## Intro

We'll be going through the three meta-learning frameworks covered in Meta-learners for [Estimating Heterogeneous Treatment Effects using Machine Learning](https://arxiv.org/abs/1706.03461).

The dataset we're using the famous "Adult" dataset, which has basic demographic and employment information for 50k-ish adults from the 1994 census. The basic task is to predict which of them make more than $50,000 a year. Since this is about conditional treatment effect estimation, we'll estimate the 

(This dataset is kind of equivalent of MNIST for tabular machine learning, both in terms of ubiquity and of being a little bit of a meme.)

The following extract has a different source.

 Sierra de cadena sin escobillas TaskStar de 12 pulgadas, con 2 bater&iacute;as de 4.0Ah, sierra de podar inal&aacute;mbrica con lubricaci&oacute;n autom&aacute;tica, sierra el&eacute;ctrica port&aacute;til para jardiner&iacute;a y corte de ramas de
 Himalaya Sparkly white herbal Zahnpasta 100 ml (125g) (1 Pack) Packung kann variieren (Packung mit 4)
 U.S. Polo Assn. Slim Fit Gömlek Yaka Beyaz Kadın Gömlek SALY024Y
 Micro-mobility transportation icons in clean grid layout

(This notebook will require Python 3.11 to run, if you're having issues.)

In [None]:
import polars as pl
import yaml

from train import setup_data, train_model

x_train, x_valid = setup_data("./adult.csv")

## S-Learner

The S-learner uses a single model, where the treatment is indicated by a predictor in the model.

In [None]:
with open("cfg/s_learner.yaml", "r") as f:
    config = yaml.load(f, Loader=yaml.CLoader)

s_learner = train_model(x_train, x_valid, config)

# # Now let's predict with no graduate degrees and graduate degrees
x_valid_ng = x_valid.with_columns(**{"grad-degree": pl.lit(0)})
no_grad_p = s_learner.predict_proba(x_valid_ng)[:, 1]
x_valid_g = x_valid.with_columns(**{"grad-degree": pl.lit(1)})
grad_p = s_learner.predict_proba(x_valid_g)[:, 1]

s_results = x_valid.with_columns(
    grad_p=grad_p,
    no_grad_p=no_grad_p,
    grad_cate=grad_p - no_grad_p,
)

Now that we have a model, let's look at some of how the model behaves on the validation set. We'll score each individual twice:

  - Once with the treatment variable `grad-degree` set to 1.
  - Once with it set to 0.

Then we can look at the difference between the two predictions, which is our estimated treatment effect.

Let's see what this looks like.

In [None]:
s_results.select(
    config["categorical"]
    + config["numeric"]
    + ["grad_p", "no_grad_p", "grad_cate"]
    + [config["target"]]
)

In [None]:
# Show the average treatment effect for specific groups.
# We'll look at gender because it's easy.
display(
    s_results.group_by(pl.col("gender")).agg(
        base_rate=pl.col("income").mean(), ate=pl.col("grad_cate").mean()
    )
)
# Does this look right?
# First, for women
display(
    s_results.filter(
        pl.col("gender") == "Female",
        pl.col("grad-degree") == 1,
    ).select(
        average_untreated=pl.col("no_grad_p").mean(),
        average_cte=pl.col("grad_cate").mean(),
        average_target=pl.col("income").mean(),
    )
)
# Then for men
display(
    s_results.filter(
        pl.col("gender") == "Male",
        pl.col("grad-degree") == 1,
    ).select(
        average_untreated=pl.col("no_grad_p").mean(),
        average_cte=pl.col("grad_cate").mean(),
        average_target=pl.col("income").mean(),
    )
)

# Overall
display(
    s_results.filter(
        pl.col("grad-degree") == 1,
    ).select(
        average_untreated=pl.col("no_grad_p").mean(),
        average_cte=pl.col("grad_cate").mean(),
        average_target=pl.col("income").mean(),
    )
)

## T-Learner

The T-learner uses two models, one for the treated group and then one for the control group, and then looks at the difference between the scores from each model to estimate the treatment effect.

In [None]:
with open("cfg/t_learner.yaml", "r") as f:
    config = yaml.load(f, Loader=yaml.CLoader)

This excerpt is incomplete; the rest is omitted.